Top 50 codes

Question

Top 50 codes

Closed this issue 4 years ago · 2 comments

How were the top 50 codes chosen?

The top 50 list doesn't seem to agree with the ones chosen in https://github.com/jamesmullenbach/caml-mimic (Explainable Prediction of Medical Codes from Clinical Text https://arxiv.org/abs/1802.05695 )

and for example doesn't include probably the most common diagnosis on the planet: unspecified hypertension (4019).

Is it based on the primary diagnoses (first code)?

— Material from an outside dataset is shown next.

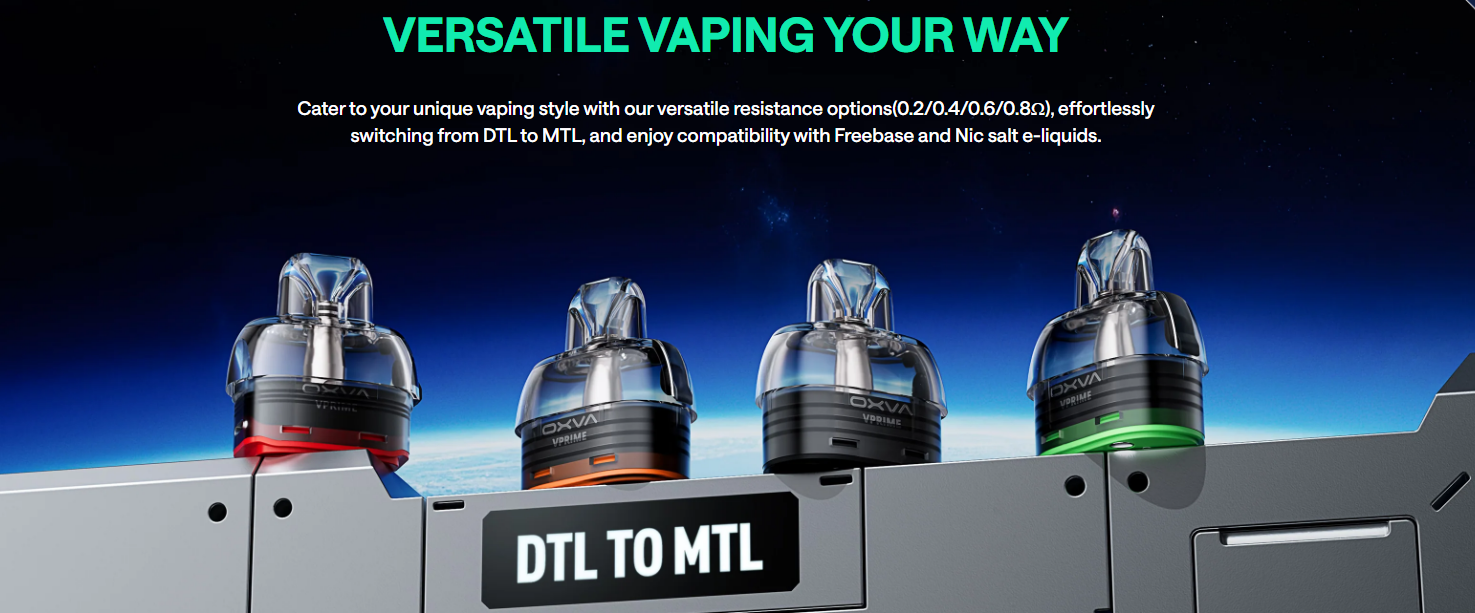 OXVA VPRIME | Картридж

Answer 1 · 2020-12-17T00:47:43.000Z

We subsetted to the top 50 most frequent primary diagnostic codes, as noted. From my reading of MIMIC-III, these codes (SEQ_NUM==1) are the most important with the remaining codes per HADM_ID appearing in a sequence that may or may not have anything to do with importance. You could try and train a linear ranker like we attempted in X-Transformer-ICD to account for this multi-label ranked case, though there are 2e49 permutations per patient assuming 12 codes and the 13,000 unique diag ICDs appearing in MIMIC-III. The classifier was mainly to show relative encoding performance on the different models.

Answer 2 · 2020-12-17T00:49:26.000Z

Yeah those are the primary diagnoses. Thank you for the answer and good work!